What shall we do with all of this stuff?
It’s yard sale weekend in our neighborhood. Signs are up and cars are circulating—people come from some distance for the event, and our neighbors will be selling their stuff Thursday, Friday and Saturday. Then next Saturday the city offers a bulky item pick up. Put your unwanted, unsold items out on the curb Friday night. Anything that’s left over after another flurry of those looking for treasures in the trash comes through Friday night, the city carts off to the landfill on Saturday. The energy shifts in the neighborhood during these two weekends each year.
Last week the grocery store on the hill was decked out for their spring party. Welcome to the Wild West. The cashiers and stock clerks and sackers and even some of the managers were wearing cowboy hats and plaid shirts. A few had on cowboy boots. In the store where I can’t usually get down a single aisle without at least one employee effusively greeting me, making sure I’m finding everything okay, and wishing me a great day, the man stocking yogurt merely tipped his hat to me with a western swagger, “ma’am.”
By the time I got to the cash register, passing wagon wheel displays and more than one bin of hobby horses for sale, I was over stimulated. The store is massive to begin with, the lights bright, the aisles vast and full of products. Last Friday morning I felt like I had walked outside of any place comfortable, some altered reality. And in my haste to get out of there, I left a bag of groceries in the bottom of my cart.

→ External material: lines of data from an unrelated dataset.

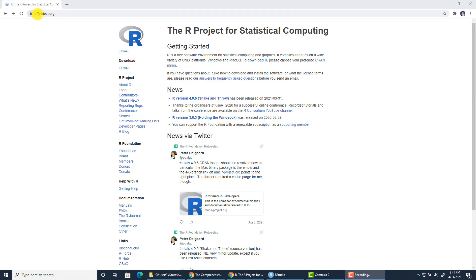First of all you need to go to the rproject.org website and you can see the URL of the website right here. After you load this website you need to go to the download section of the R project website.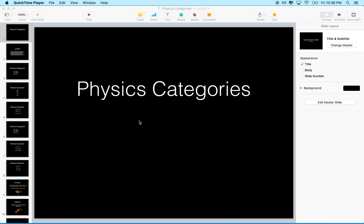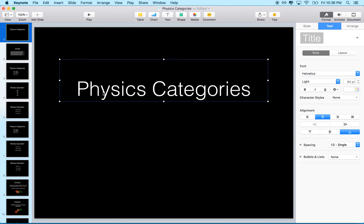Hello, and here we are again to continue our discussion of SpriteKit. Today I'd like to introduce physics.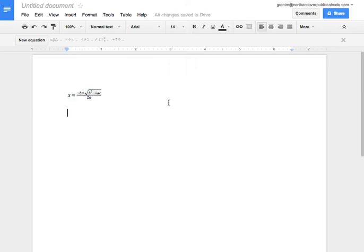So attached to this tutorial, there'll be a link that takes you to a cheat sheet, which will have all of the shortcuts for typing in the LaTeX shortcuts for writing equations.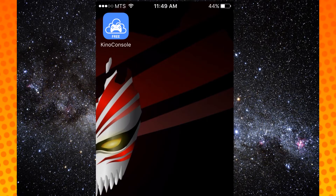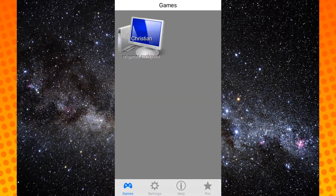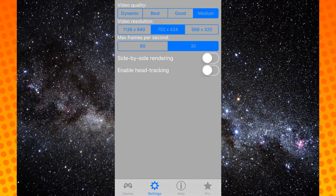Once you have that app downloaded on your phone, and once you've installed the associated program it requires on your computer, start both of them. On your phone, go into Settings and enable head tracking. This will allow the app to translate your head movements — or your phone's movements — into mouse movements on your computer. That's where the virtual reality part comes into play.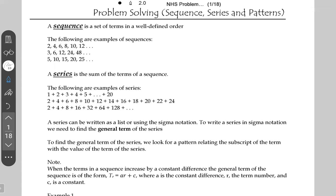A series is the sum of the terms in a sequence. So if you add the terms in a sequence, what you have is a series. A series can be written as a list or using sigma notation. We're not really going to do sigma notation, but the point is that to write a series in sigma notation, we need to first find the general term of the series.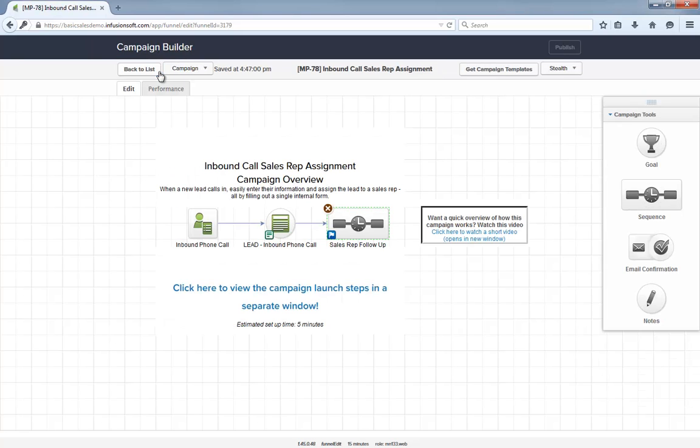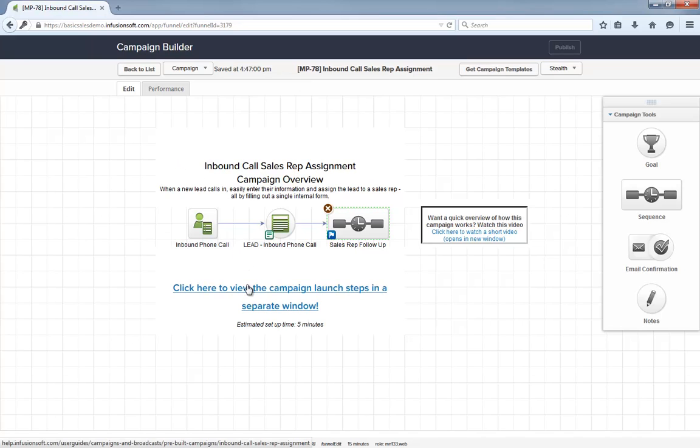As with all campaigns in the marketplace, this Help Center article will show you everything you need to launch the campaign and start using it. Tell me what you think about this campaign below and let's quickly assign inbound leads.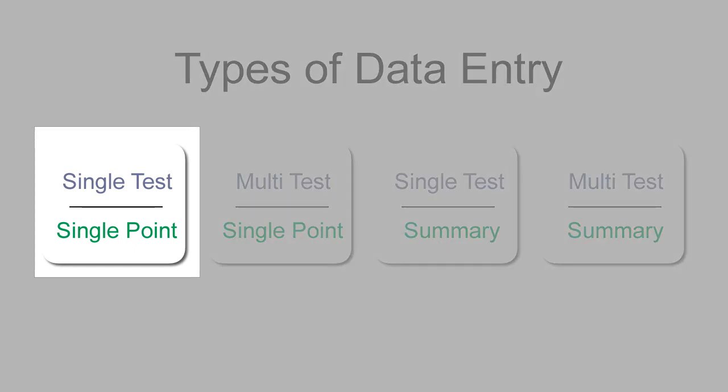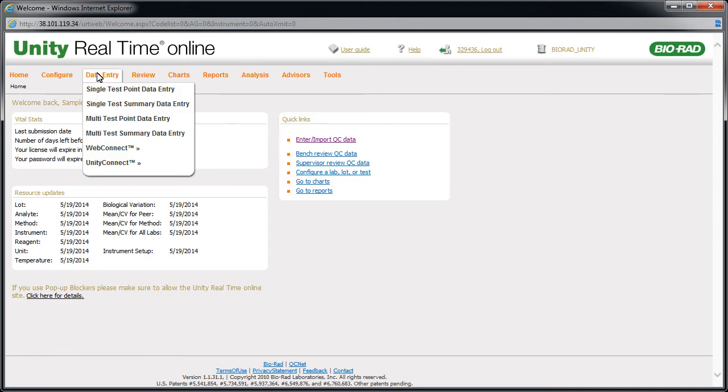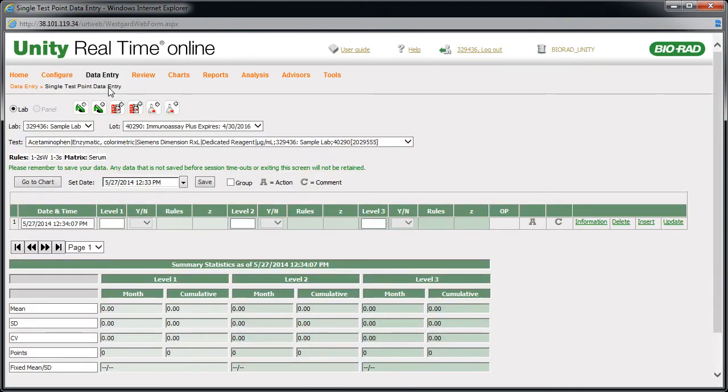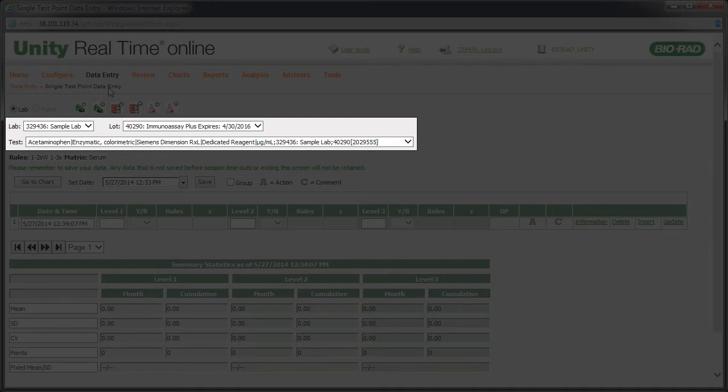Let's take a look at our first option. Point to data entry and click single test point data entry. The data entry screen appears. Select the lab, lot, and test you want to enter data for.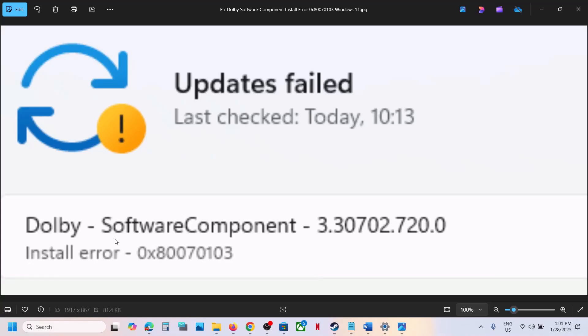Hello guys, welcome to my channel. If you're receiving this Dolby software component installer error 0x80070103, please follow the steps shown in this video.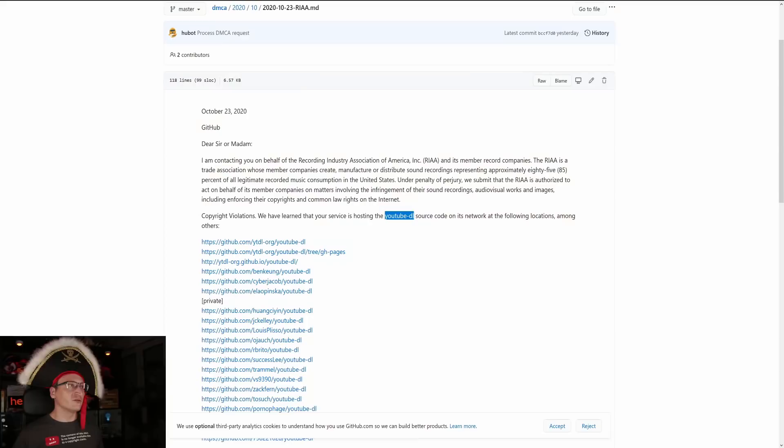So the RIAA sent this takedown notice, and these GitHub repositories are now down and offline.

At home I had the ingredients out and the mixer started when I realized that the bag with two boxes of tissues, the candles for my son’s birthday cake, and an extra-large mouthwash was missing. I had left it behind at the store where the salad bar was a chuck wagon and Wild West was spelled out in Coke and Diet Coke twelve packs overhead. I didn’t want to, but I drove back.

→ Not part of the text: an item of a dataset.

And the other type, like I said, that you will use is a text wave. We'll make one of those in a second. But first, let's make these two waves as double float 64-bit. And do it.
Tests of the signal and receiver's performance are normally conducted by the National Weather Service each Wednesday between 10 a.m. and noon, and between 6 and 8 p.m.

The story ends happily. A kind Samaritan had discovered the bag and turned it into customer service. I was home in under ten minutes, the store being on the horizon from our dining room window. So why did the episode make me fume?
It’s the management of stuff that I find to be one of the most exhausting trials of daily life. I am sentimental for the days when everything I owned fit in the back of my 1973 Volkswagen Beetle. But, to be completely fair, when stuff works, when it accommodates easily my activities, it’s, well, it’s like when words work. When words work, you’re less apt to notice them, wrapped up instead in the meaning they’re putting forth. Stuff is the same way—if the small, nonstick frying pan for my daughter’s egg with cheese is clean and put away where I expect it to be, making one of her go-to breakfasts on the fly on a weekday morning, provided there are eggs on the left side of the second shelf in the fridge and a slice of sharp cheddar in the cheese drawer, is a snap. Two spatulas in the cooking utensils drawer directly to the right of the cooktop mean that if one is in the dishwasher, the second is at the ready. I am grateful for such abundance.

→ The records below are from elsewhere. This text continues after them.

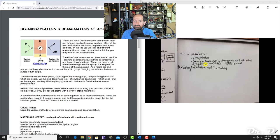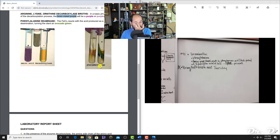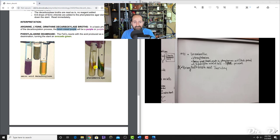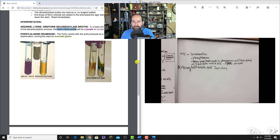To test for deaminase, add 6–8 drops of the reagent ferric chloride (FeCl3). If it turns avocado green, that's a positive result—deaminase is present. If there is no green color after adding ferric chloride, the deaminase was not present. Know that an acidic product is formed and the reagent is ferric chloride.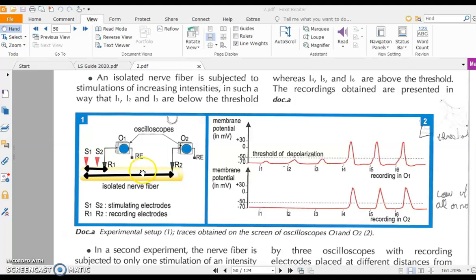When we start applying intensities of stimulation, when the distance is smaller, the latency period — the time needed for the nervous message to reach the oscilloscope — is less. The signal appears at R1 first, then at R2.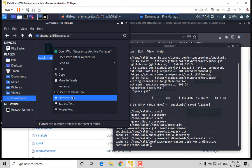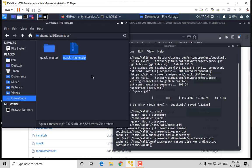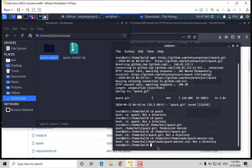Extract the Quack zip file and now follow me.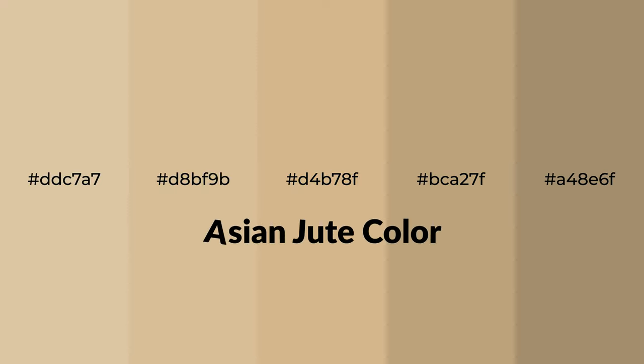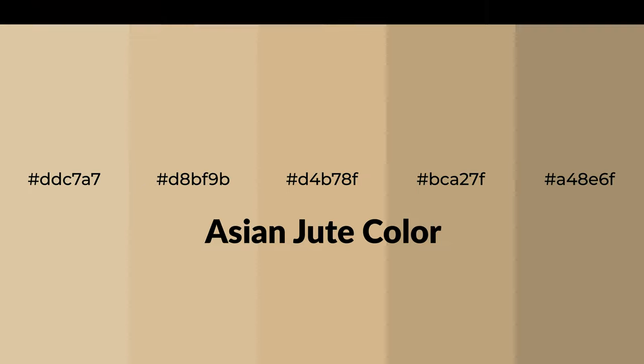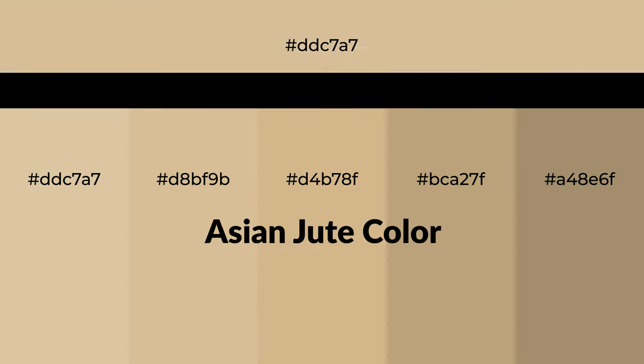Warm shades of Asian Jute color with brown hue for your next project. To generate tints of a color, we add white to the color, and tints create light and exquisite emotions.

And using and washing and putting away these things can be an act of meditation, a straightening up and maintaining of this tiny spot in the world that feels orderly and makes sense. So it is by my own inaction, when I neglect to prep for the next time or when I don’t put away the laundry or when I skip backing up my computer, updating the software and understanding what that means, or when I’m in such a hurry that I leave one bag of groceries in the bottom of the cart, when the stuff closes in, it takes on an importance I don’t want to give it.
It would seem, then, that stuff too requires a practice. It is the practice that seeks to stem the ebb and flow of stuff, to keep close and cared for all that is necessary and to reduce, reuse, and recycle, to borrow the parlance of the day, all that is no longer useful. And there’s more, of course, as we cull our belongings, for we, too, will participate in the neighborhood yard sale on Saturday morning. It’s important for me to remember not to bring anything into the house in the first place if it isn’t utterly useful or delightful. Or maybe I should use the tiny cargo space in my car as a measure of what I may bring home, harkening back to my VW days. Then again, last December I put the top down on a rare forty-degree day and got the Christmas tree home in that car!